The similarity between images represented this way will be entirely based on their overlap. As result, the distance can be large even between images that we would consider similar. In part 2 we had examples of one-pixel images. More realistic examples are these:

• image with an object in one corner onewith the same object in another corner;
• image of a cross and the same cross turned 45 degrees;
• etc.

Back to face identification. As the faces are points in the 10,000-dimensional space, these points should be grouped somehow. The point is that all images of the same individual should belong to one group and not any other. It is common to consider “clusters” of points, i.e., groups formed of point close to each other. This was discussed above.

Now, in this paper the approach is different: a new point (the face to be identified) is represented as a linear combination of all other points (all faces in the collection).

As we know from linear algebra, this implies the following. (1) the entire collection has to be linearly dependent, (2) you can find a subcollection that adds up to 0! In other words, everything cancels out and you end up with a blank photo. Is it possible? If the dimension is low or the collection is large (the images are small relative to the number of images), maybe. What if the collection is small? (It is small – see below.) It seems unlikely. Why do I think so? Consider this very extreme case: you may need the negative for each face to cancel it: same shape with dark vs. light hair, skin, eyes, teeth (!).…

Second, the new image in the collection has to be a linear combination of training images of the same person.
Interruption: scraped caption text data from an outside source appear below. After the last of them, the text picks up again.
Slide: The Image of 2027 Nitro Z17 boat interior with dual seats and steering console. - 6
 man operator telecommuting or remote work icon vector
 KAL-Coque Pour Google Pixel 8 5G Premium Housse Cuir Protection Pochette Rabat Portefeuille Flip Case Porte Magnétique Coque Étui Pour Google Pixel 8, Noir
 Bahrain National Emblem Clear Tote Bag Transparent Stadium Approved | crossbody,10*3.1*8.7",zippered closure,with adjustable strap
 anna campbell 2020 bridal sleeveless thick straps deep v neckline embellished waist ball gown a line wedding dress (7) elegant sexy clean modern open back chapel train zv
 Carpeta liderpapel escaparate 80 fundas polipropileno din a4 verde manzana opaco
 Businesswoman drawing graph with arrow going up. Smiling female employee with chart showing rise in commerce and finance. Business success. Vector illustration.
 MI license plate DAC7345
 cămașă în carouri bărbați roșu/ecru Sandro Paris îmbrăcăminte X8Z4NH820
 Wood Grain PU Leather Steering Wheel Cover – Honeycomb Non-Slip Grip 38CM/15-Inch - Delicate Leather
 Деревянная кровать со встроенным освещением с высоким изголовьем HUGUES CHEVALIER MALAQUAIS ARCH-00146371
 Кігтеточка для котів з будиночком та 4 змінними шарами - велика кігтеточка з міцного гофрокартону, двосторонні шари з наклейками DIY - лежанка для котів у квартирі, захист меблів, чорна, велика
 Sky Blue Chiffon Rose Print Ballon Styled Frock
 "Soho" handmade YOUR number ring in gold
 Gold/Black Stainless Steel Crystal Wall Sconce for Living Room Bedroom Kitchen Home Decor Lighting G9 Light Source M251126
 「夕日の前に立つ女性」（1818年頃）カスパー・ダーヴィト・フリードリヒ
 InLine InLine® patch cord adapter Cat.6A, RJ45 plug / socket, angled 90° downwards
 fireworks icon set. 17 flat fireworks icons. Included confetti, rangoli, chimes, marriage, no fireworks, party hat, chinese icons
In other words, any image of person A is represented as a linear combination of other images of A in the collection, ideally. (More likely this image is supposed to be closer to the linear space spanned by these images.) The approach could only work under the assumption that people are linearly independent:

No face in the collection can be represented as a linear combination of the rest of the faces.

It’s a bold assumption.

If it is true, then the challenge is to make the algorithm efficient enough. The idea is that you don’t need all of those pixels/features and they in fact could be random. That must be the point of the paper.

The testing was done on two collections with several thousand images each. That sounds OK, but the number of individuals in these collections was 38 and 114!

To summarize, there is nothing wrong with the theory but its assumptions are unproven and the results are untested.

P.S. It’s strange but after so many years computer vision still looks like an academic discipline and not an industry.